Fino al 7 febbraio le visite. In una sala i restauratori al lavoro. Le opere furono tessute a Bruxelles verso la metà del 1500

GILBERTO SCUDERI
2 minuti di lettura

MANTOVA. Un gran lavoro. Staccati dai telati, schiodati, arrotolati su tubi per mantenerli morbidi, ripuliti con un microaspirapolvere, ricuciti con filati speciali fatti a Prato appositamente per aggiustate le magagne dei secoli passati e infine srotolati e rimontati: in una parola restaurati a dovere. Sono gli splendidi arazzi tessuti a Bruxelles verso la metà del Cinquecento, che insieme ai documenti nelle teche, datati dal 1511 al 1919, costituiscono la mostra “Raffaello trama e ordito” aperta ieri a Palazzo Ducale, che prosegue oggi per il pubblico dalle 8.45 alle 22.15 (ultimo ingresso 21.15) e poi da domani fino al 7 febbraio.
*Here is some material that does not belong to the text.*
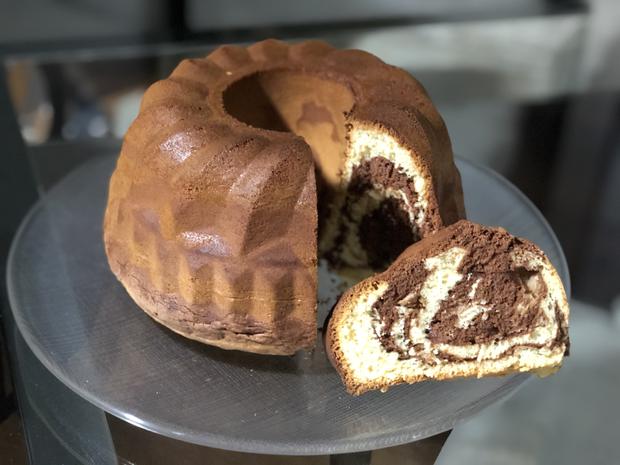Marble cake, an easy and delicious dessert.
Gli arazzi di Raffaello in mostra al palazzo Ducale di Mantova



Dei nove arazzi, otto si possono già ammirare: tre nella ex sala Verde del duca Guglielmo, tre nella sala del Leone e due in quella delle Imperatrici: dalla “Pesca miracolosa” alla “Guarigione dello storpio”, ovvero “Le storie dei santi Pietro e Paolo” tessute a Bruxelles intorno alla metà del Cinquecento sulla base dei cartoni realizzati da Raffaello e dalla sua bottega per la serie commissionata da papa Leone X per la Cappella Sistina.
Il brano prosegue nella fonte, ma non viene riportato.